Country Life
Dry Farming
February Fill-Dyke, with only another week to go, promises to be one of the dryest months on record. Yet usually it is one of the consistently wet months of the year. Both the grazier and the arable farmer rely for strong spring growths upon the accumulation of a store of water in the soil during February. Instead, this year, men are at work cleaning ditches even on the heavy clays. These dry conditions make for a fine and clean seed-bed, it is true, but, with a March of normal temperature, growth of Crops and of grass will begin, and water will be needed.
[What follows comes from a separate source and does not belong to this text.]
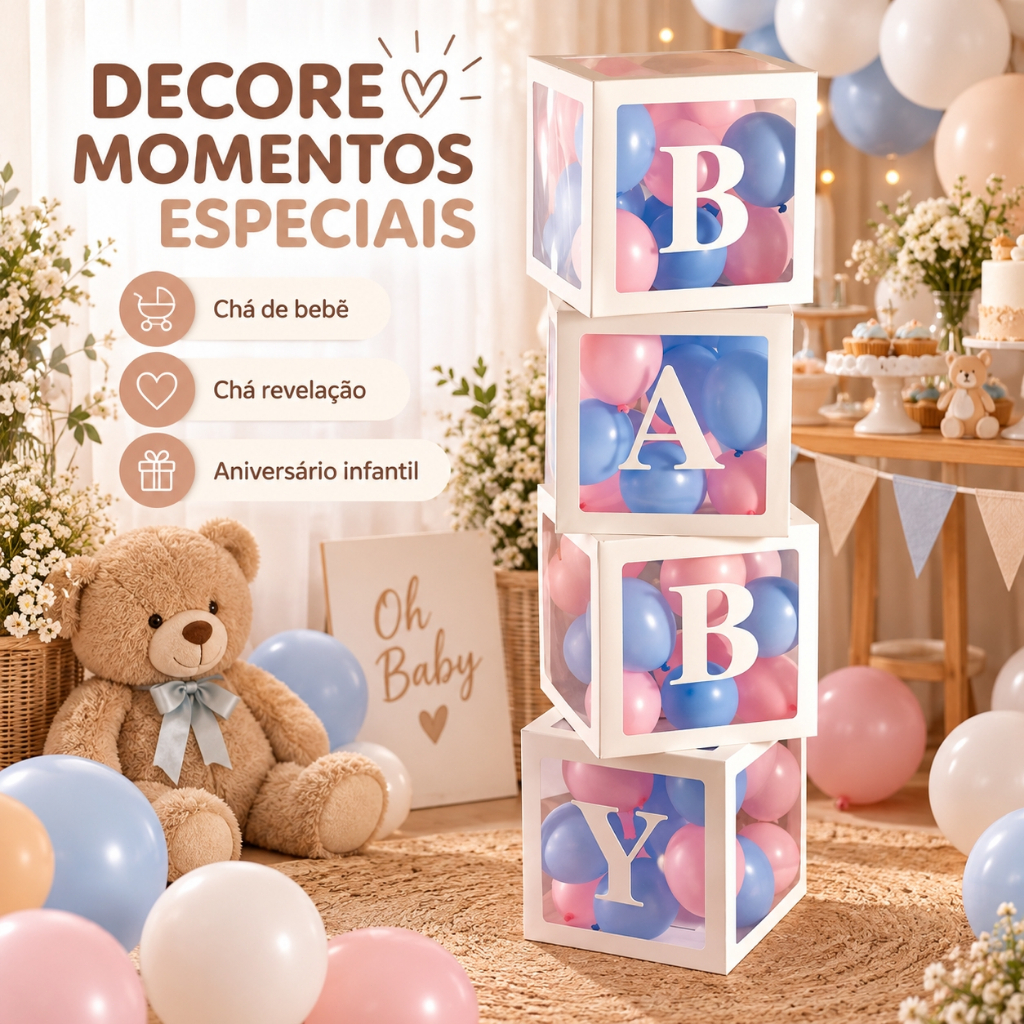 Kit 4 Cubos Decorativos Baby 30cm Pintados para Festa Chá de Bebê e Revelação Decoração Infantil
If we do not soon get rain, and plenty of it, grass and corn crops will make a bad start from which there will -be no complete recovery, however ideal the later conditions may appear to be. A year and a half ago hay-stacks abounded. A year before that, hay had been unsaleable, and the stores on the farm increased. Then, last autumn, following a dry summer and a short crop, the stacks began to prove their worth first supplementing the dried-out pastures, and now helping to make up for short supplies of roots and straw. Dairy cattle and sheep are thriving in this lean season because for two years the stacks of hay accumulated, as it seemed then, in quantities more than could ever be needed. And for another two months these diminishing stacks must be the mainstay of the stock-farmer. This year of drought shows once more how, when a man's work-shop is spread out for the play of all weathers, as is the farmer's, it is well to be prepared long beforehand for a run of unhelpful fortune.